Hier soir, j’ai eu la chance, j’ai eu l’honneur d’assister au spectacle de Marie-Paule Belle au Trianon de Bordeaux, un petit théâtre très agréable, chaleureux et sympathique ou l’artiste est plus proche de son public qu’ailleurs.

Marie-Paule, de Belle à Barbara, un intelligent mélange de chansons anciennes (jusqu’à certaines chansons du « répertoire »), de chansons nouvelles et de reprises de Barbara. Marie-Paule Belle, élégante, amusante et émouvante, est un bout de femme presque sexagénaire qui a une pêche d’enfer et qui a su nous emporter au paradis. Que ce soit la prise de son, excellente, ce à quoi nous ne sommes plus vraiment habitués ; les éclairages, sobres mais efficaces (j’ai adoré que son éclairagiste soit le seul à savoir lui mettre le soleil couchant dans son piano) ; la qualité de l’interprétation, tout en nuances quand il faut et tout en folie quand il le faut aussi, tout était bien.

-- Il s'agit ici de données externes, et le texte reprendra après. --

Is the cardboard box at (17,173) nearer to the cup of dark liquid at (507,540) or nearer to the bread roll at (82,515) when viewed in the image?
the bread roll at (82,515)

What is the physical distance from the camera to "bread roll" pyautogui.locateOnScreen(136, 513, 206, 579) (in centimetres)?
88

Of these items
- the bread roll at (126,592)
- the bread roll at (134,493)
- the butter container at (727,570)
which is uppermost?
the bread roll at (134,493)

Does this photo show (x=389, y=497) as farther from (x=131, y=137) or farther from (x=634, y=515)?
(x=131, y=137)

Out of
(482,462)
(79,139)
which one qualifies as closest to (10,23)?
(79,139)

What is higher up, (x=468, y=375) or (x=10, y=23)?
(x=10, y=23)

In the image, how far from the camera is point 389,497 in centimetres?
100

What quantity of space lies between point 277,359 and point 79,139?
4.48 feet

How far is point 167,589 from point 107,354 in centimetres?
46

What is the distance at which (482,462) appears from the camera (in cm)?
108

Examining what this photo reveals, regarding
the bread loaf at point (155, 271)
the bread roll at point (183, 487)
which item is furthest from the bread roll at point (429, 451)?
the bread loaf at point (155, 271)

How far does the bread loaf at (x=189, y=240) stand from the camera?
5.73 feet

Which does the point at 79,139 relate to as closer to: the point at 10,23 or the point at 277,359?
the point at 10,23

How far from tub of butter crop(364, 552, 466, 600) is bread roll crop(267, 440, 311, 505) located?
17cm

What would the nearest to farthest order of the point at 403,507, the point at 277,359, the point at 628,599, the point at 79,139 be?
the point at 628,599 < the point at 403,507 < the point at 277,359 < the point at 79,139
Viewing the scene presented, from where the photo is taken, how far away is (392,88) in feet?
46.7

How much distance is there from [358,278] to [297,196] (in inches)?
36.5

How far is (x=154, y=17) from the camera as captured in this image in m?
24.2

Marie Paule Belle au piano

Et que dire de la beauté des textes, de la dérision de certains d’entre eux, des double-sens, des clins d’œil et de la poésie générale qui s’envolait de la scène pour venir nous envelopper de beaucoup de plaisir et de bonheur. J’ai passé un pur moment de jubilation. J’y suis même allé de ma petite larme à deux ou trois reprises, surtout dans celles de « Attendez que ma joie revienne », « Nantes » et de « Göttingen. » Marie-Paule Belle est la seule qui a la légitimité pour reprendre Barbara sans la massacrer et en sachant faire passer autant d’émotion que sa créatrice.

Barbara photo 1

Des souvenirs d’il y a quarante ans avec « Wolfgang et moi », l’incontournable « La parisienne » aux surprises de son dernier album, que je ne connaissais pas, avec « Les asphodèles » et « Celles qui aiment elles » ou elle se fait fort de son engagement en faveur du mariage pour tous en regard de son histoire personnelle, elle nous a scotchés car Marie-Paule a un putain talent d’interprète. J’en veux aussi pour preuve sa malice et sa facétie quand elle chante « Les amis de monsieur », « Si la photo est bonne » et « Elle vendait des p’tits gâteaux »

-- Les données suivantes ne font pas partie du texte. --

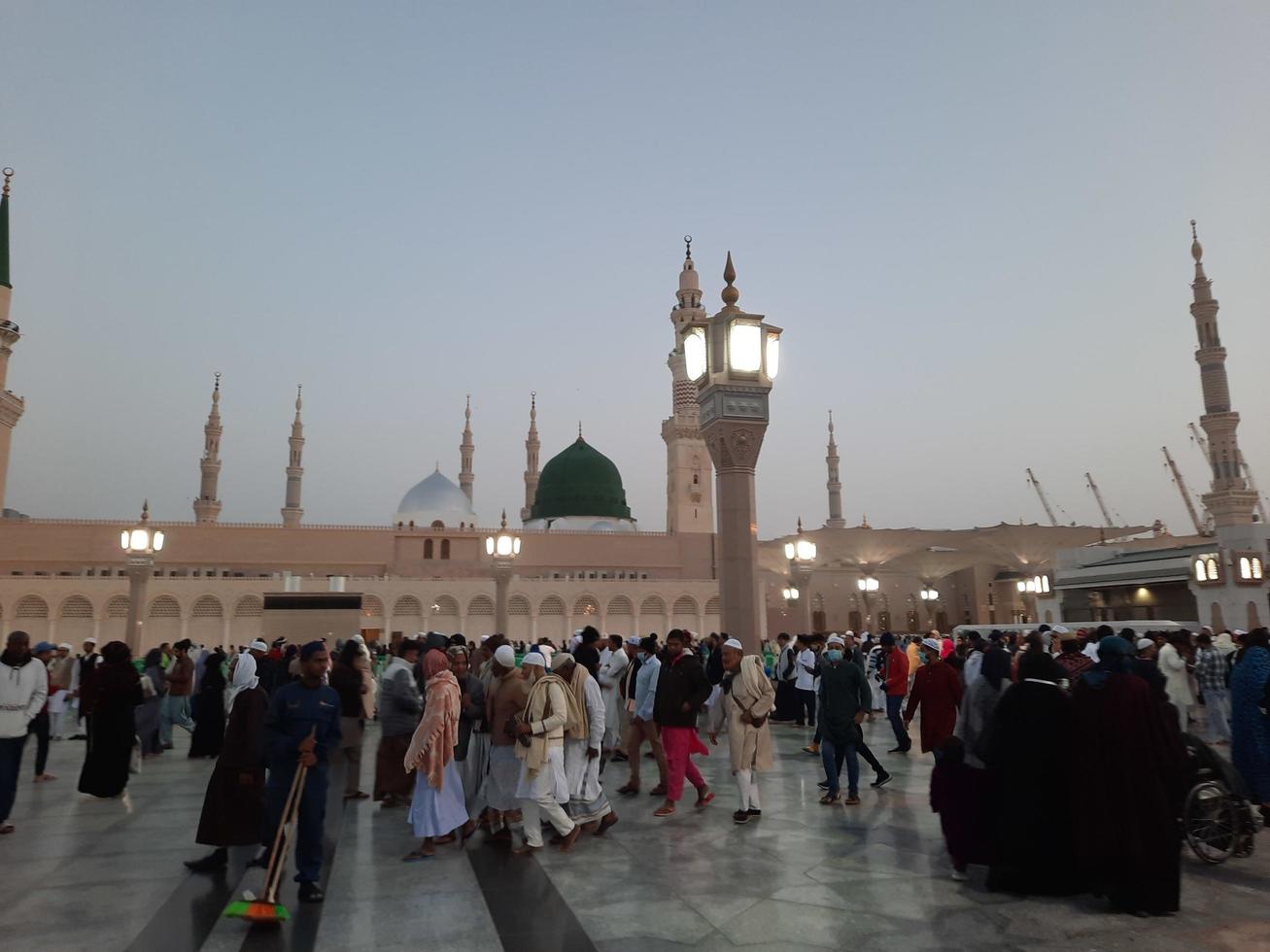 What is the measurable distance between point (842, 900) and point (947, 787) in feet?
3.12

Marie-Paule Belle a eu la bonne idée de nous offrir « Dis, quand reviendras-tu » en rappel et ce fut une bien jolie façon de nous dire au revoir et, comme toute la salle a chanté avec elle, ce fut notre façon de lui faire comprendre qu’on aimerait la revoir bien vite, justement. Parce que, pour paraphraser Charles Trenet, avec elle, y a d’la joie !

Au passage, je voudrais juste saluer la mémoire d’une de nos grandes dames de la chanson, disparue ces jours-ci, à l’âge de 95 ans. Elle fut bien vite oubliée, elle aussi malgré le fait que finalement, tout le monde connaît son plus grand succès, des années 70 : Riquita. Je veux parler de Georgette Plana qui est inconnue des jeunes générations. Qui vient de partir en toute discrétion.